» **EXTRACTED RECORDS**:
****************

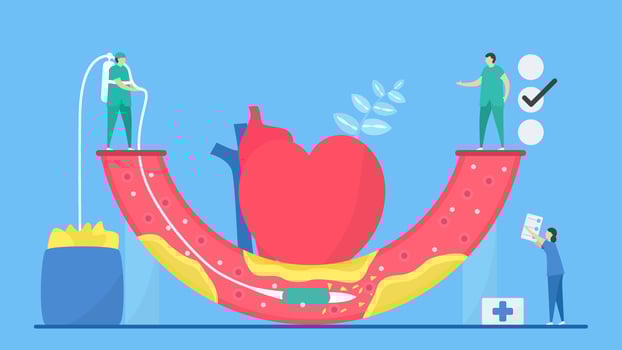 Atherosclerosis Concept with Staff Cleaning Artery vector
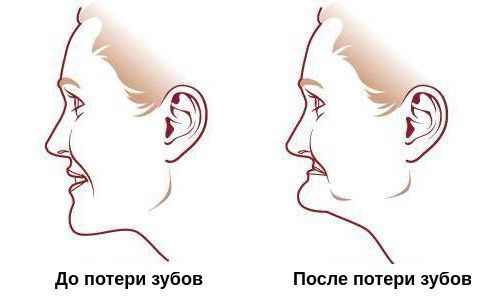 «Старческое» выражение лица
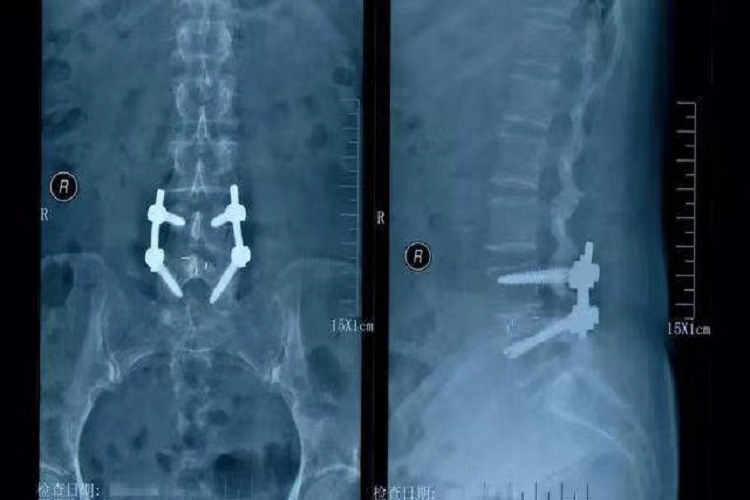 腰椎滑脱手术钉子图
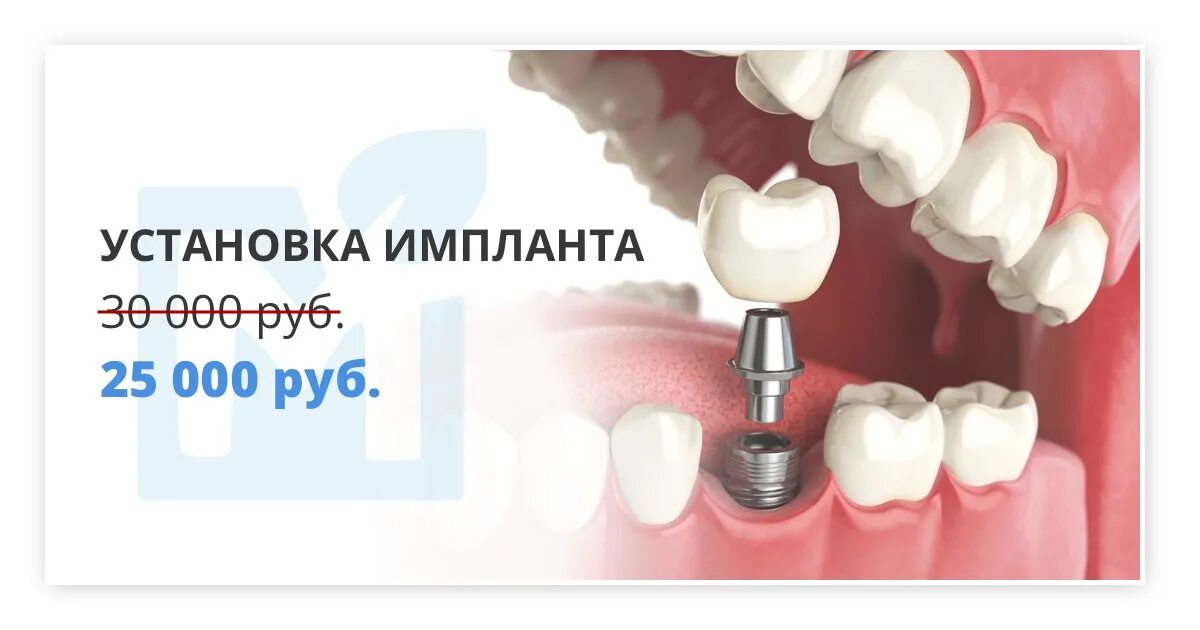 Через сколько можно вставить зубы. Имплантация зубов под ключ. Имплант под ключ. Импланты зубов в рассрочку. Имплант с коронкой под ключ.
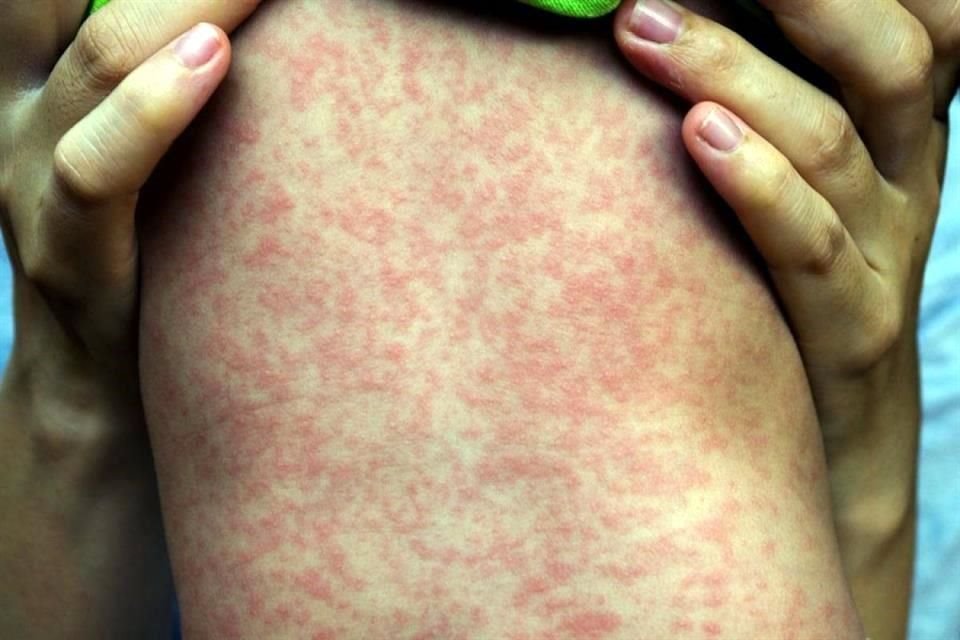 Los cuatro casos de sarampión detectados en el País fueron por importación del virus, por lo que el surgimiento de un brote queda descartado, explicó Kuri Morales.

****************

» **EXERCISE OBJECTIVE**: Leaving the pictures aside, write out the entries above exactly.

» **SOLVED PROBLEM**:
 Atherosclerosis Concept with Staff Cleaning Artery vector
 «Старческое» выражение лица
 腰椎滑脱手术钉子图
 Через сколько можно вставить зубы. Имплантация зубов под ключ. Имплант под ключ. Импланты зубов в рассрочку. Имплант с коронкой под ключ.
 Los cuatro casos de sarampión detectados en el País fueron por importación del virus, por lo que el surgimiento de un brote queda descartado, explicó Kuri Morales.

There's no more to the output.